**SUPPLIED DATA:**

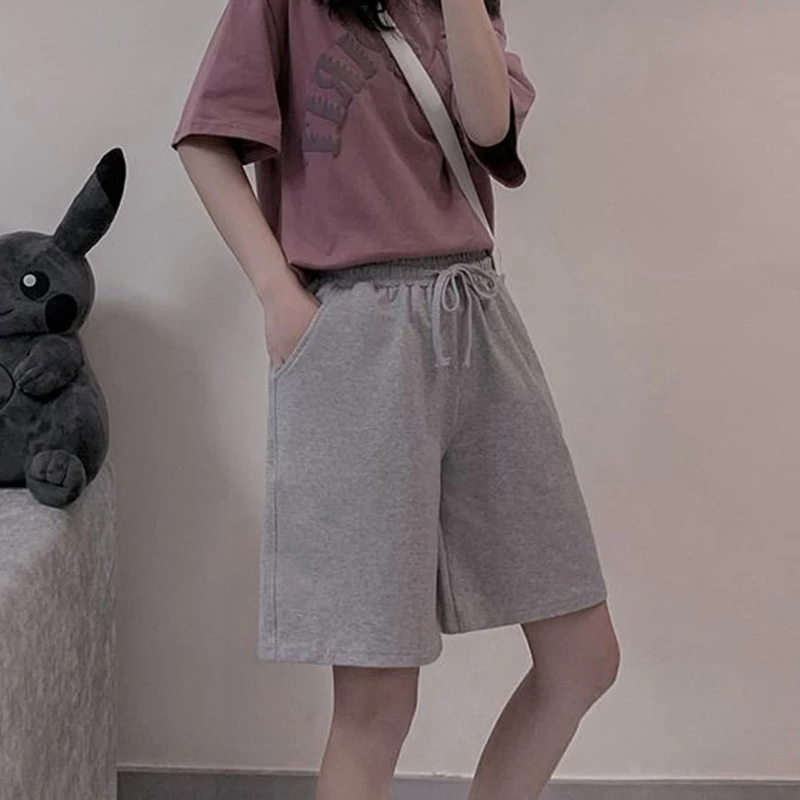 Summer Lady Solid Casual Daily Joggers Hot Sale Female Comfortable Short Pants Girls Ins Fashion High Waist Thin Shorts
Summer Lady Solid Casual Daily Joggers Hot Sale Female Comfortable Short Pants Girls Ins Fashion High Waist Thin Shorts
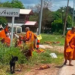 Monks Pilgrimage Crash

**ASSIGNED TASK:** Leaving the pictures out, print every line of the listing exactly.

**WRITTEN RESPONSE:**
 Summer Lady Solid Casual Daily Joggers Hot Sale Female Comfortable Short Pants Girls Ins Fashion High Waist Thin Shorts
Summer Lady Solid Casual Daily Joggers Hot Sale Female Comfortable Short Pants Girls Ins Fashion High Waist Thin Shorts
 Monks Pilgrimage Crash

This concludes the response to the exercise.